> _Task brief_
The response must be the exact lines from the line holding "white th monogram" through the end of the entries, with no pictures and nothing else.

> _Provided material_
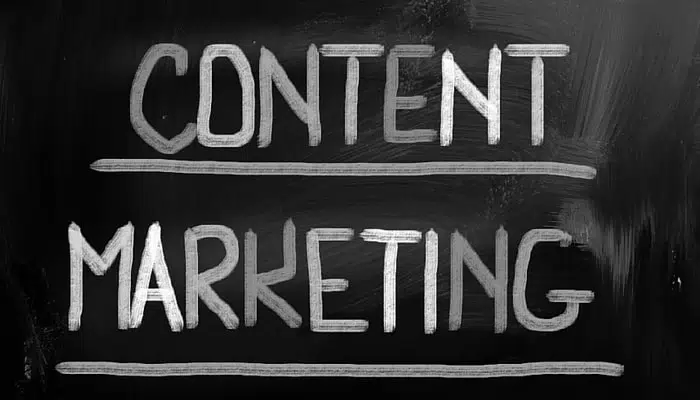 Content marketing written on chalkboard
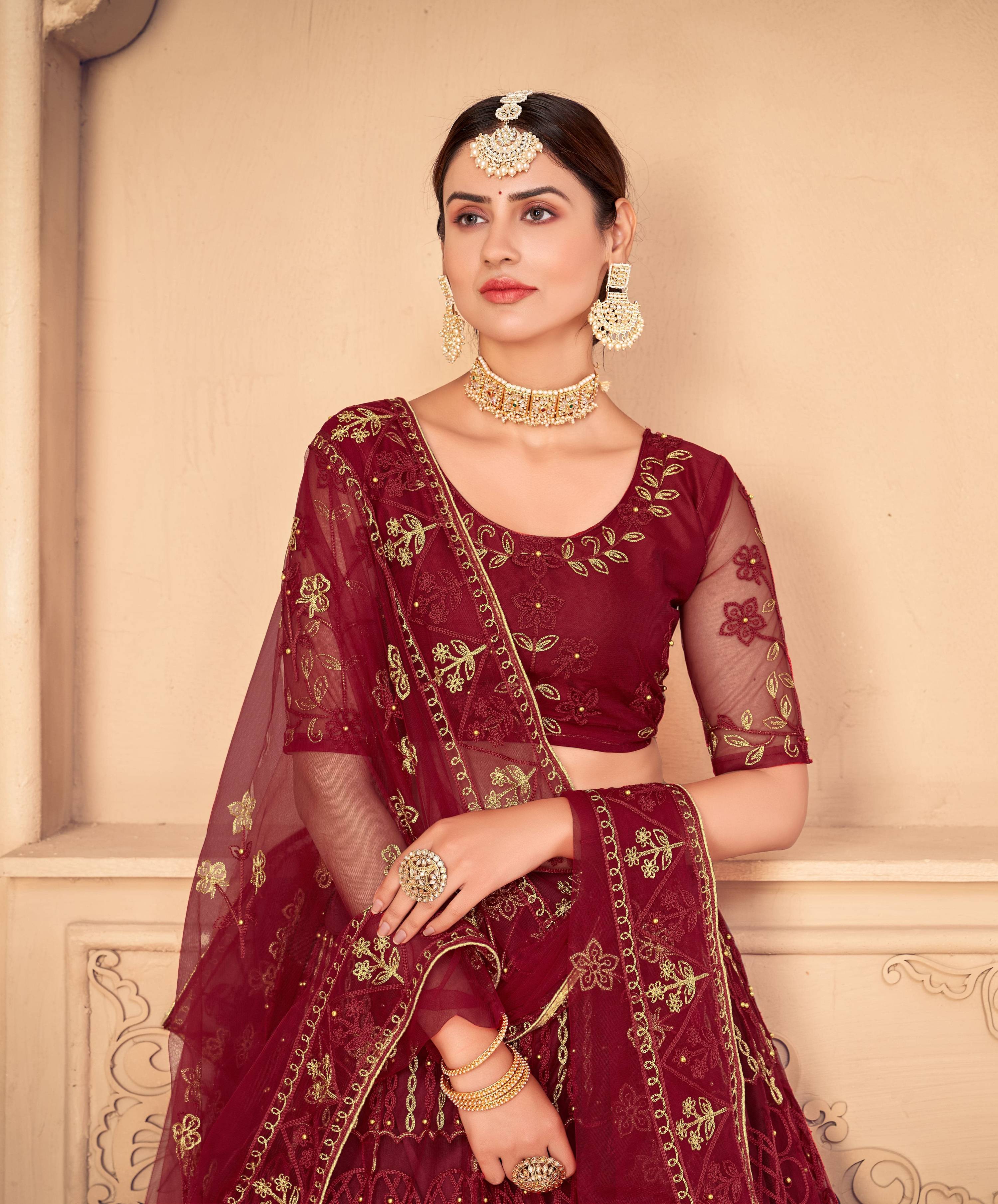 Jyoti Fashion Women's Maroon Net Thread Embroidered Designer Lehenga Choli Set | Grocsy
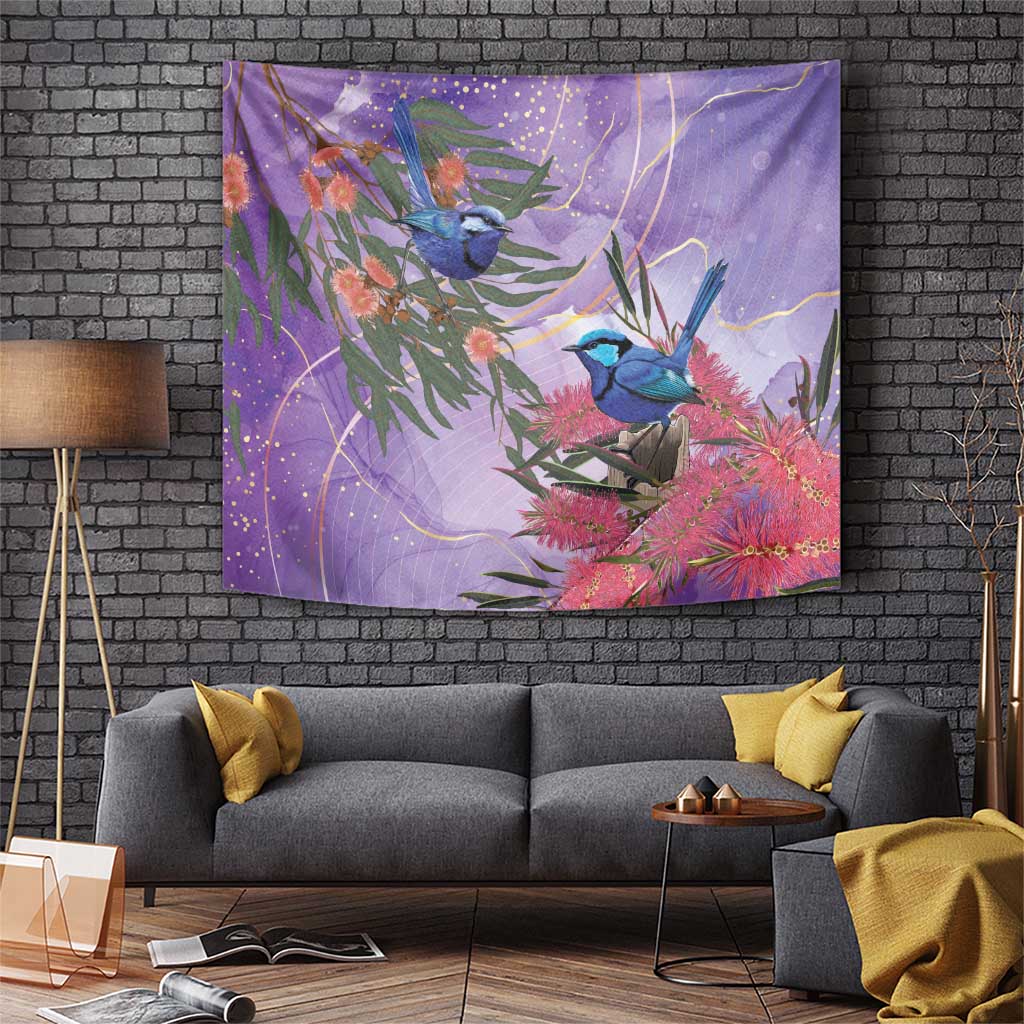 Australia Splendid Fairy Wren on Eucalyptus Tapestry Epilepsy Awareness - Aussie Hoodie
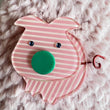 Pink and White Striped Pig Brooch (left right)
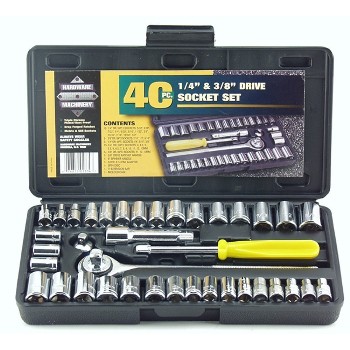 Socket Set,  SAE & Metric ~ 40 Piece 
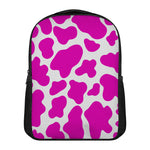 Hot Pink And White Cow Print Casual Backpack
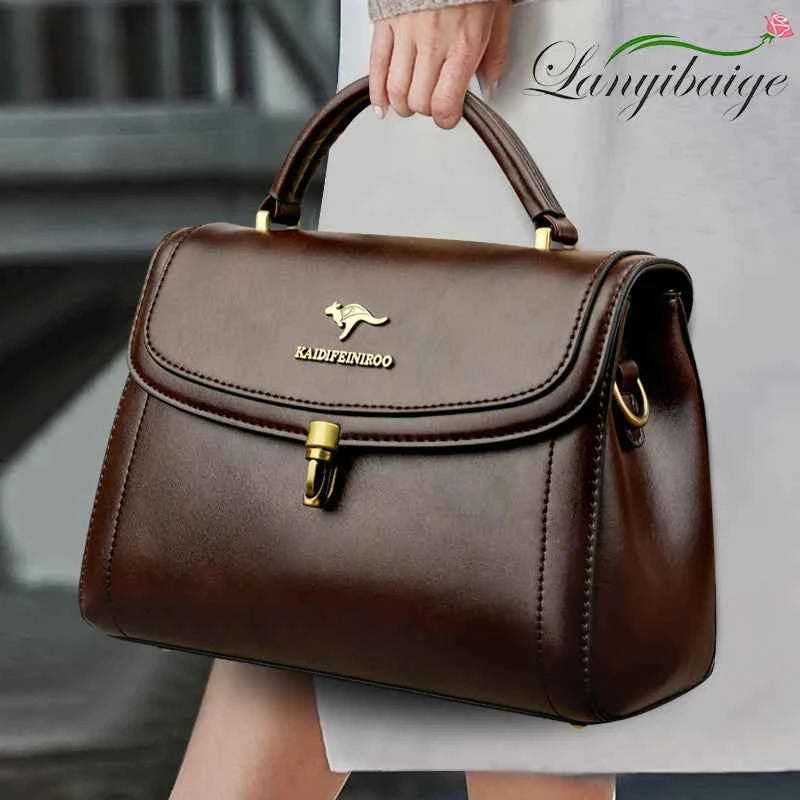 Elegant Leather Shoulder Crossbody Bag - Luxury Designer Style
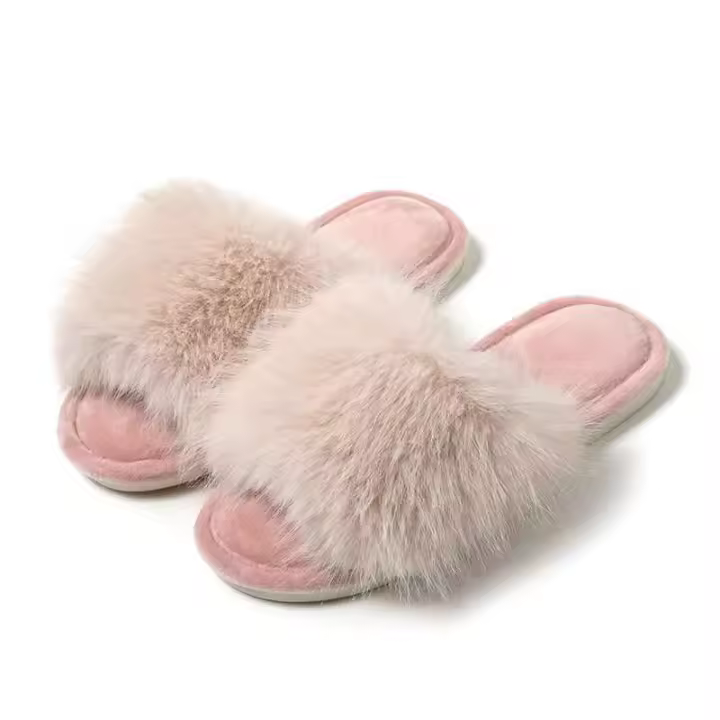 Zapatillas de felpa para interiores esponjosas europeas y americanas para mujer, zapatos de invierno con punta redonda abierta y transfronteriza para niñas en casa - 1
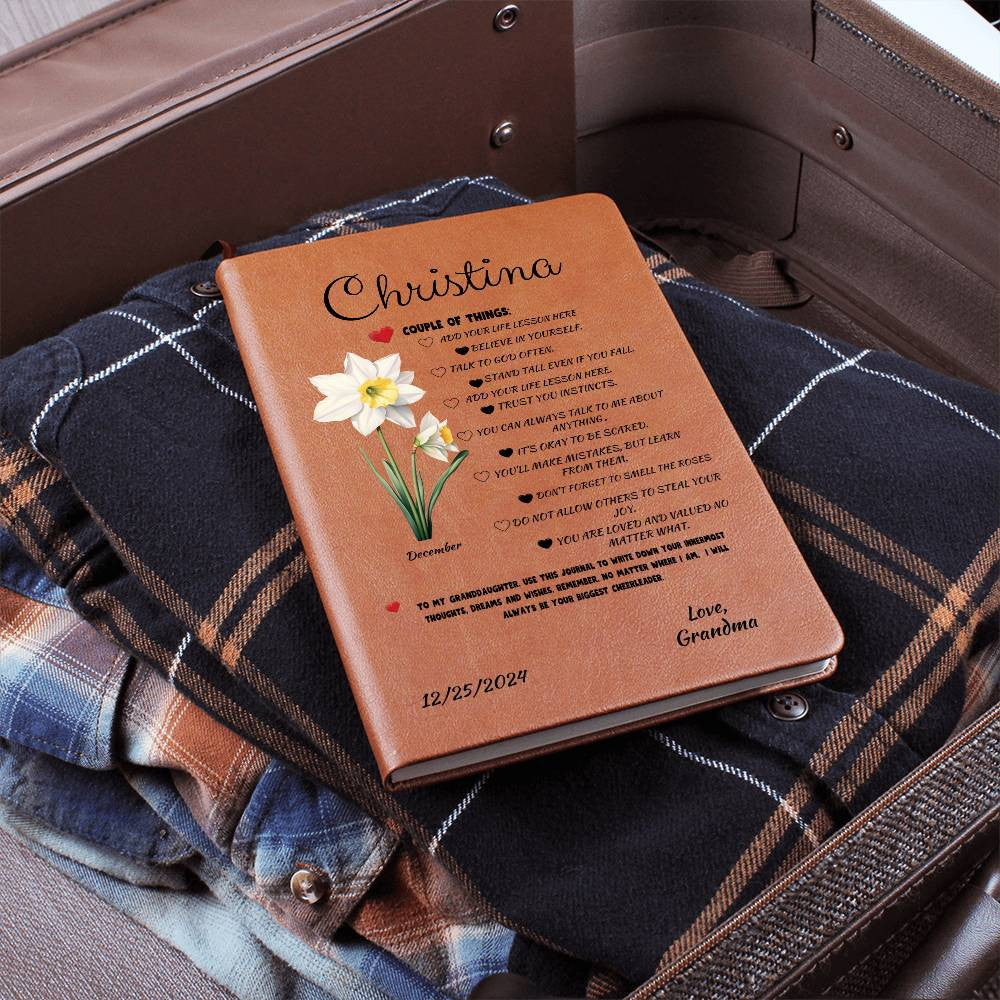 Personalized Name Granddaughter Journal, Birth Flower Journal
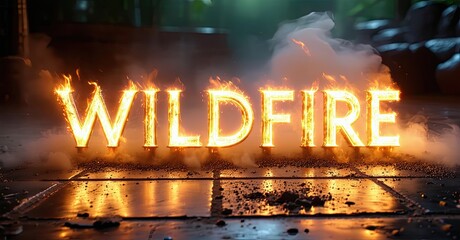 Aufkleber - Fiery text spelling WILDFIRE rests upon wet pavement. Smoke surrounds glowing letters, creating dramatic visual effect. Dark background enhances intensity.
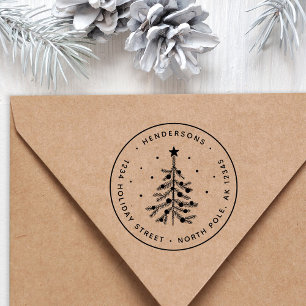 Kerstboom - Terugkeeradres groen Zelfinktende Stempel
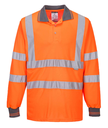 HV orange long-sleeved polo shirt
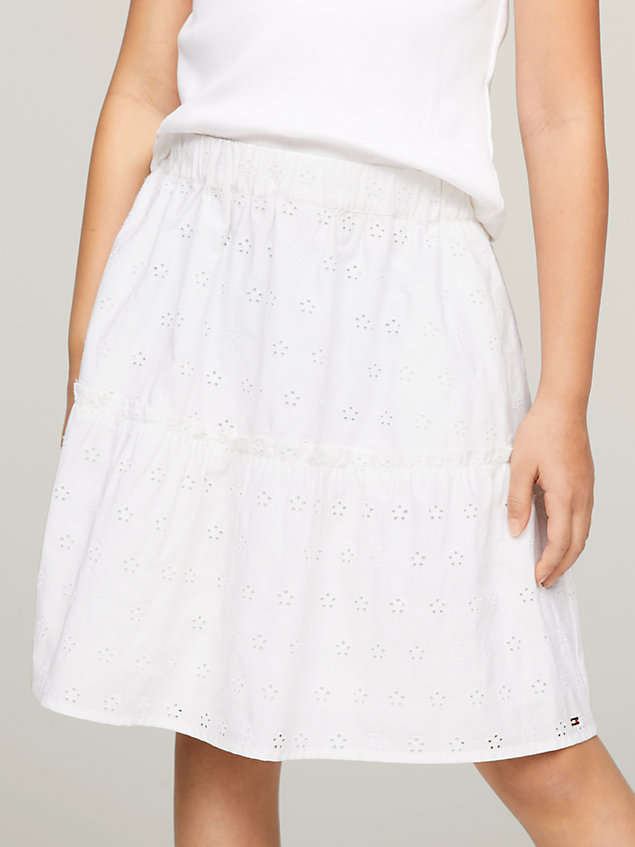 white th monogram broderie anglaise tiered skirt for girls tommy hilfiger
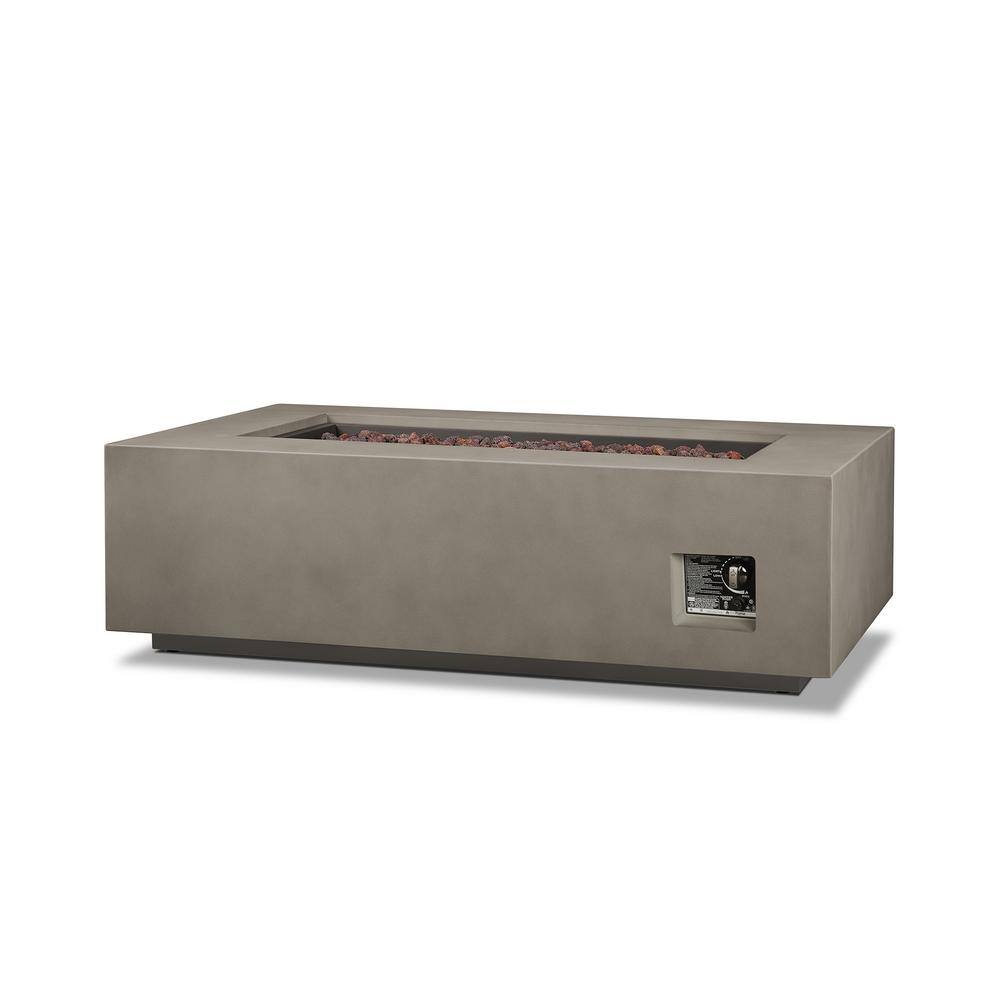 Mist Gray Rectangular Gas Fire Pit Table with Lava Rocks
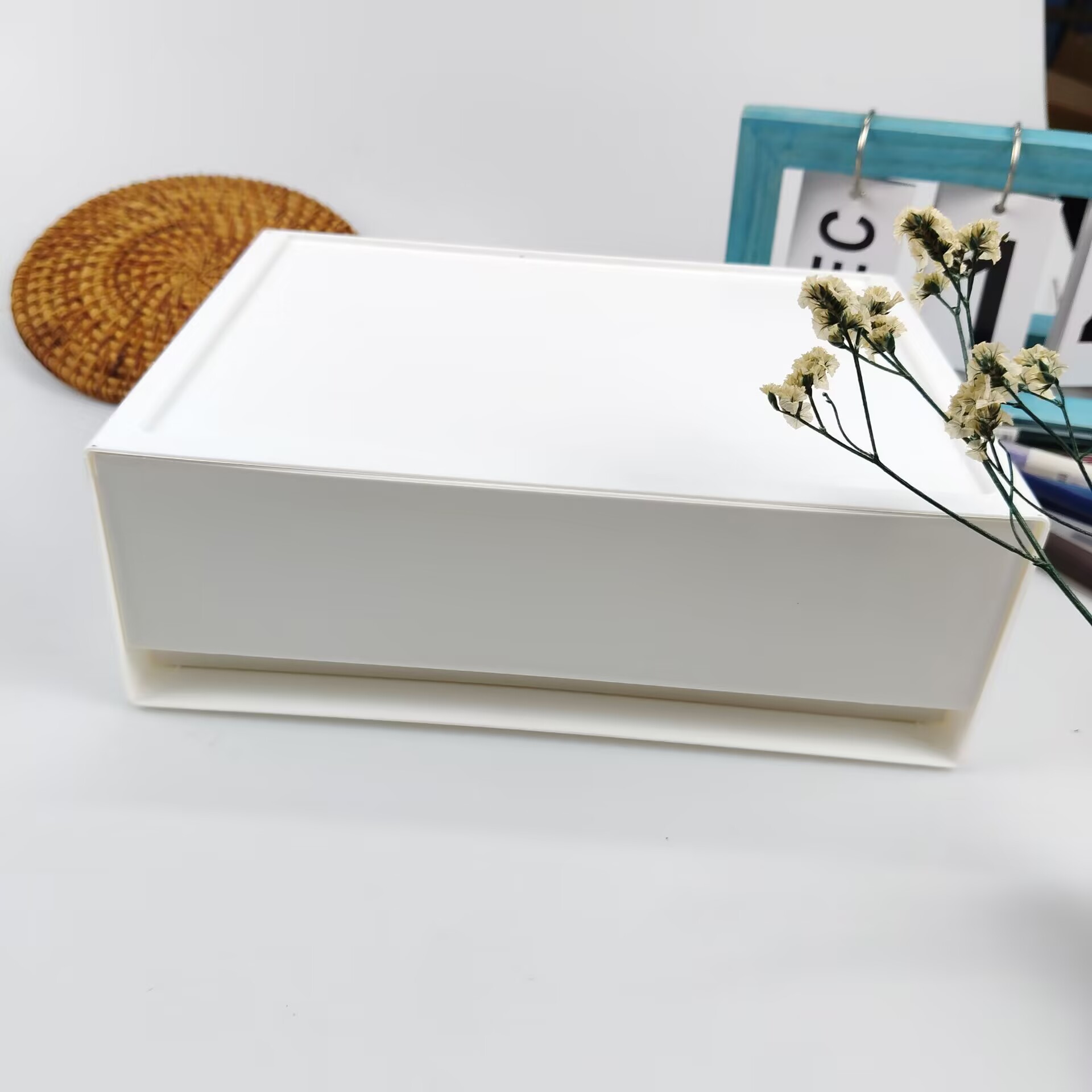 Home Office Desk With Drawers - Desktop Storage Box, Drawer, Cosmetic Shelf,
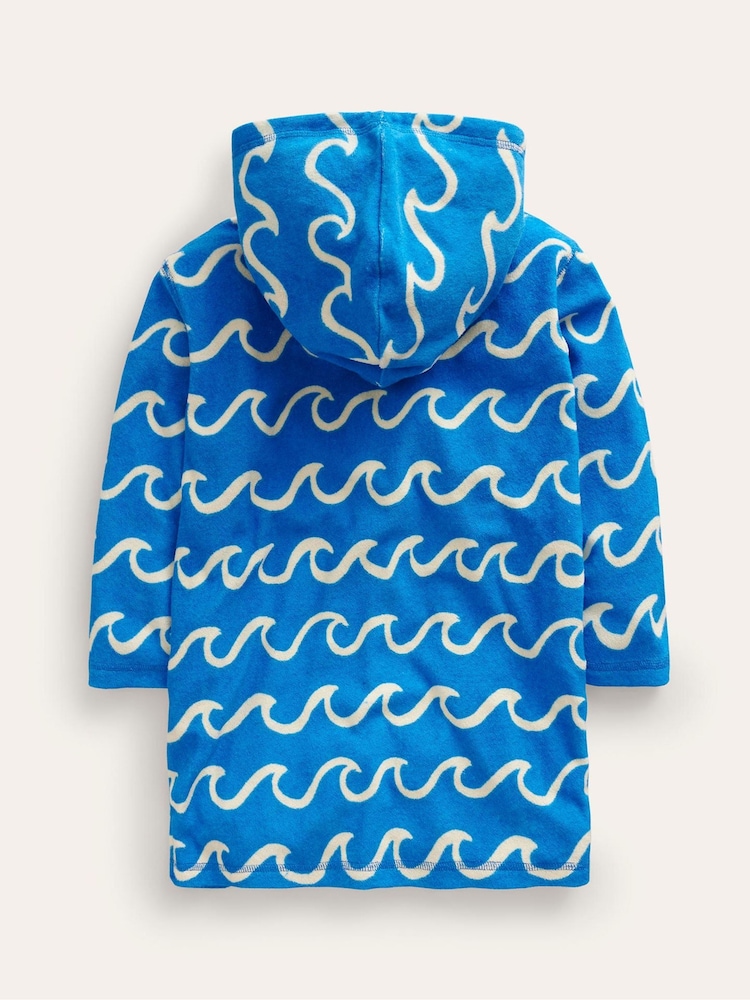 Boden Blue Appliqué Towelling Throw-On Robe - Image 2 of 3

> _Expected answer_
 white th monogram broderie anglaise tiered skirt for girls tommy hilfiger
 Mist Gray Rectangular Gas Fire Pit Table with Lava Rocks
 Home Office Desk With Drawers - Desktop Storage Box, Drawer, Cosmetic Shelf,
 Boden Blue Appliqué Towelling Throw-On Robe - Image 2 of 3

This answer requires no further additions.